Using only the entries below, output the lines starting at the one containing "Volkswagen Phaeton Gebrauchtwagen Kaufen" and ending at the one containing "Evisu Traper kratke hlače Evisu za muškarce", exactly and inclusive of both, omitting the pictures.

▶ Given records
+--

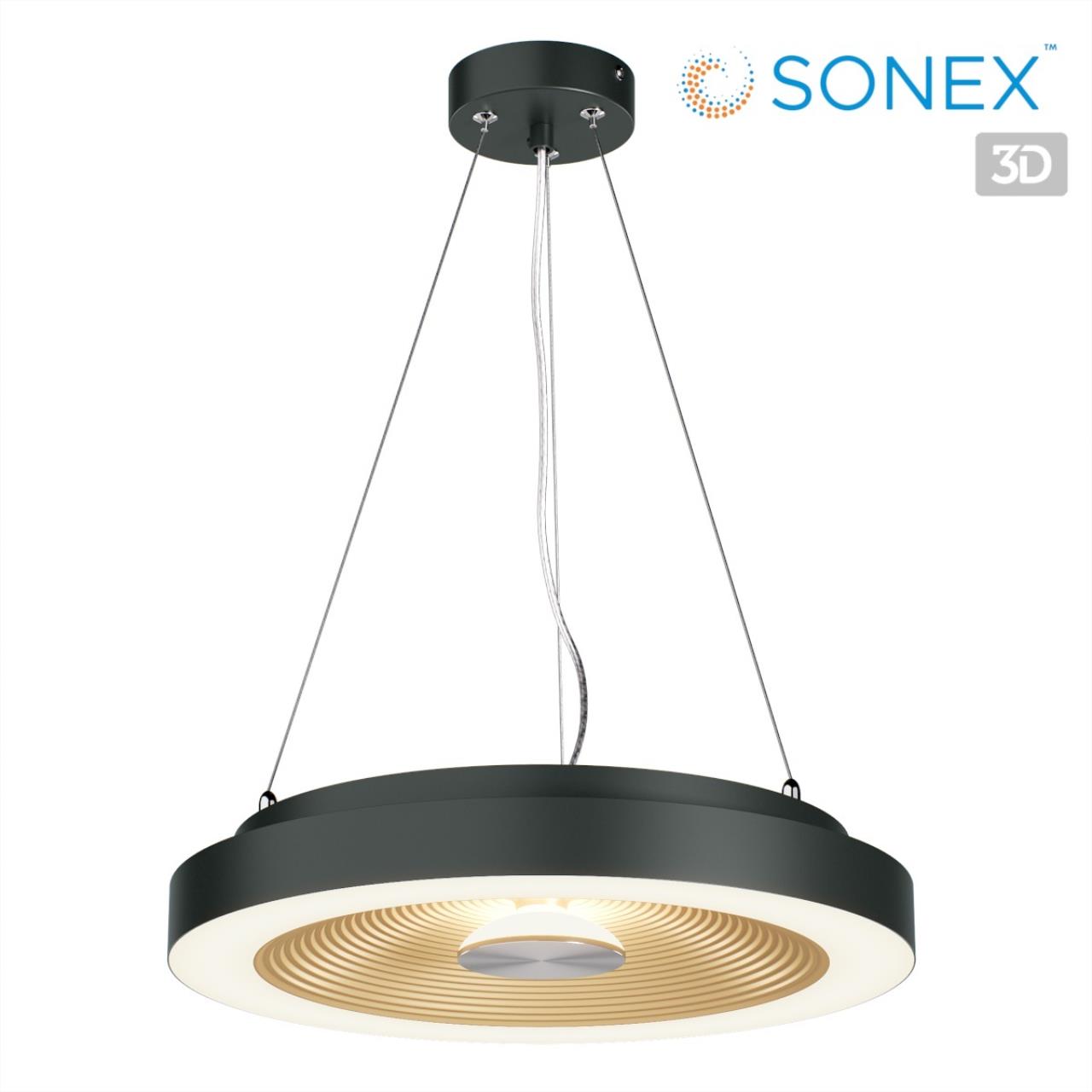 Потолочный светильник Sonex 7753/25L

+--

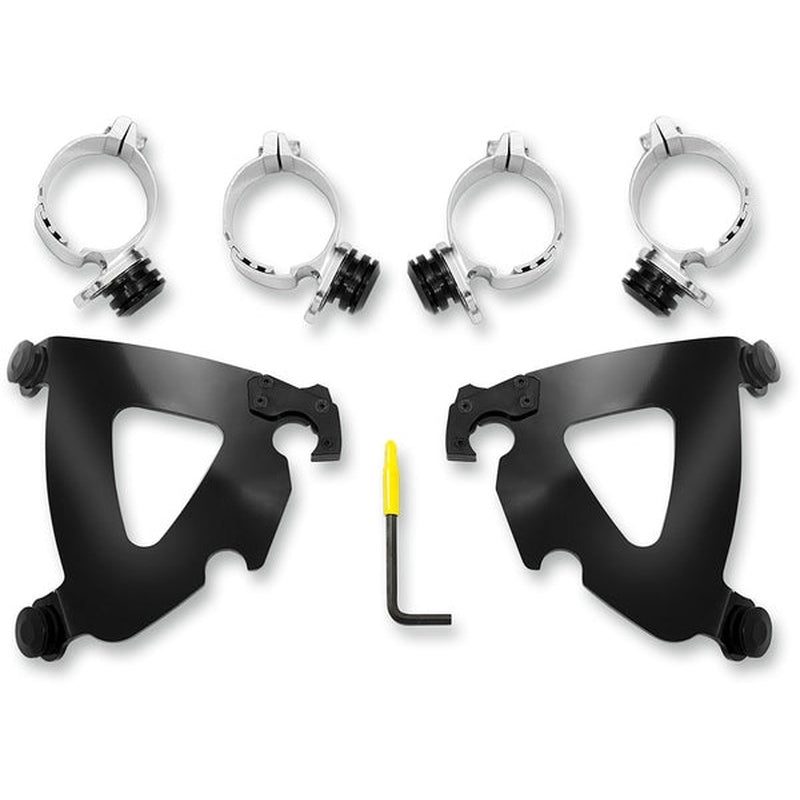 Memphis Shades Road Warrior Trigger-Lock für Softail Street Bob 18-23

+--

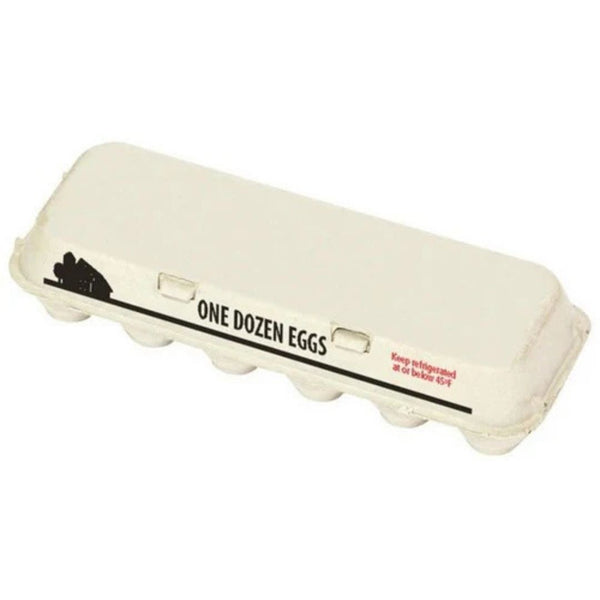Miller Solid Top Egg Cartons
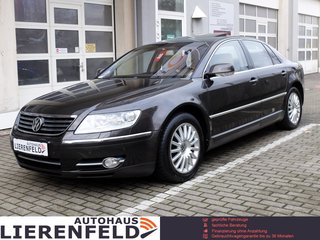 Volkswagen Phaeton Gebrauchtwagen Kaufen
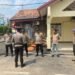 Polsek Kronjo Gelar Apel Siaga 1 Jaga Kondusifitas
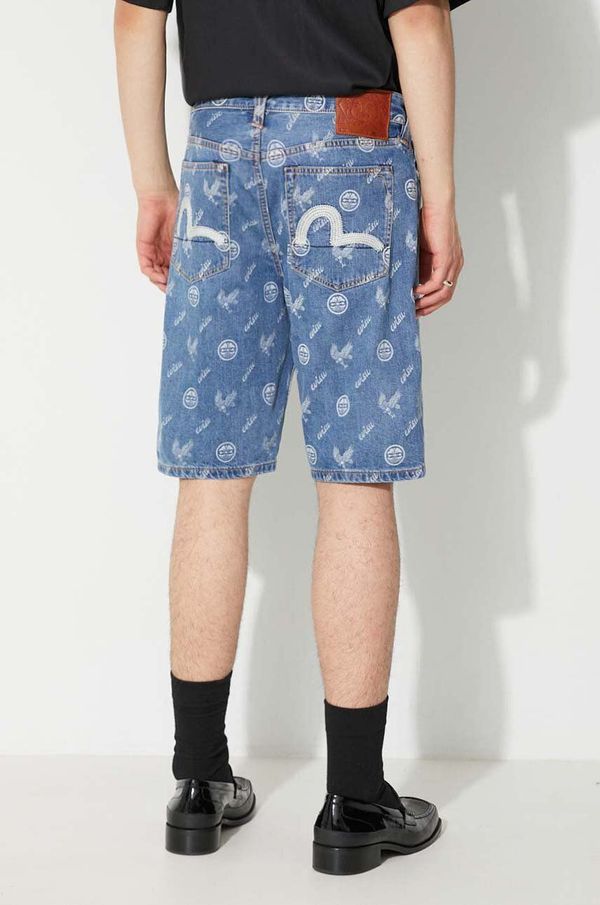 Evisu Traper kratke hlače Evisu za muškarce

+--

▶ Response
 Volkswagen Phaeton Gebrauchtwagen Kaufen
 Polsek Kronjo Gelar Apel Siaga 1 Jaga Kondusifitas
 Evisu Traper kratke hlače Evisu za muškarce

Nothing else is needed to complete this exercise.